大原雄介のエレ・組み込みプレイバック
5社が共同でRISC-Vベースプロセッサを開発、その狙いは?(2/2 ページ)
ではRISC-V対応を行うとして、どうするべきか? Renesasは先に書いたようにまず外部からCPU IPを購入して製品化を行い、その間に自社でRISV-Vコアを開発するという方策を取った。ただ今回の5社のうち、Qualcommを除く4社は「余り」CPUを自社で設計した経験がない。厳密に言えばInfineonはTriCoreシリーズのプロセッサを自社で開発しているし、NXPはFreescale時代にPowerPCやColdFireを、Motorola時代には68Kとか88Kを設計設計しているから全く未経験という訳ではない(少なくともInfineonはまだTriCoreのチームが存続していると思われる)が、NXPの方はもうPowerPC/ColdFireのチームが現存しているかちょっと怪しい。これはBoschも同じで、過去に独自のMCUは存在したが、現在は異なっている。こうした設計チームを維持するためには、常に新製品を作り続ける必要がある。ところが昨今ここの5社はArmを始めとするIPベンダーからCPU IPを購入し、これを使って製品を開発していた。つまりCPUの設計経験が乏しいということになる。

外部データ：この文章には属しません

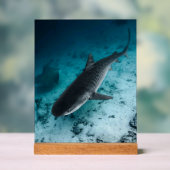 Tiger Shark Underwater Fotografy Ocean Scene Acrylschild (Neutral)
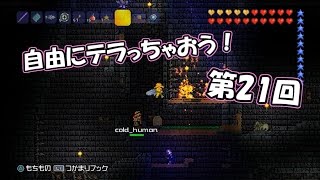 [PS3版テラリア]自由にテラっちゃおう！第21回「ダンジョンのレアドロップ紹介！」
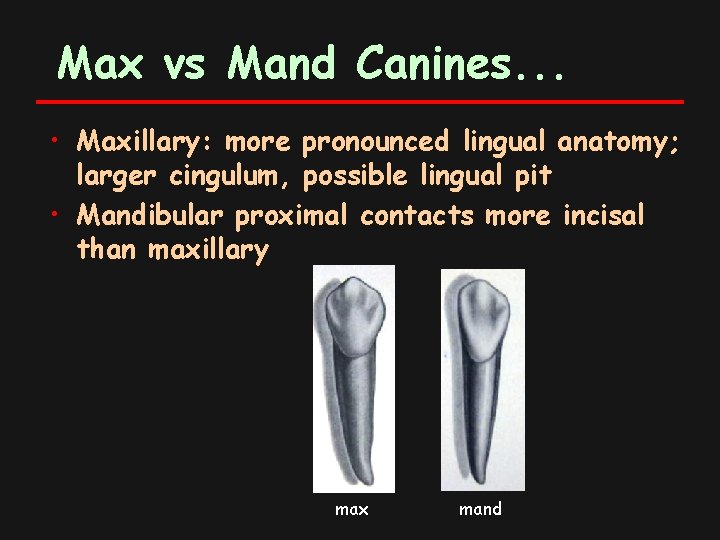 Max vs Mand Canines. . . • Maxillary: more pronounced lingual anatomy; larger cingulum,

ただここでRISC-Vコアを外部から購入していたら、ArmのIPを購入していた時と全く差がない。Armの場合、高額なアーキテクチャライセンスを購入すれば自社でCPUコアを開発できるが、その場合の実装は厳密にArmが定めた仕様に合致する必要がある。確かに自社に開発経験という技術の蓄積は残るが、それはCPUの設計ではなく実装の経験でしかない。今回5社が共同開発に踏み切ったのは、共同で先端CPUの開発(設計から実装まで)を行う事で、その知見を自社に持ち帰りたかったのが最大の理由であろう、と考えられる。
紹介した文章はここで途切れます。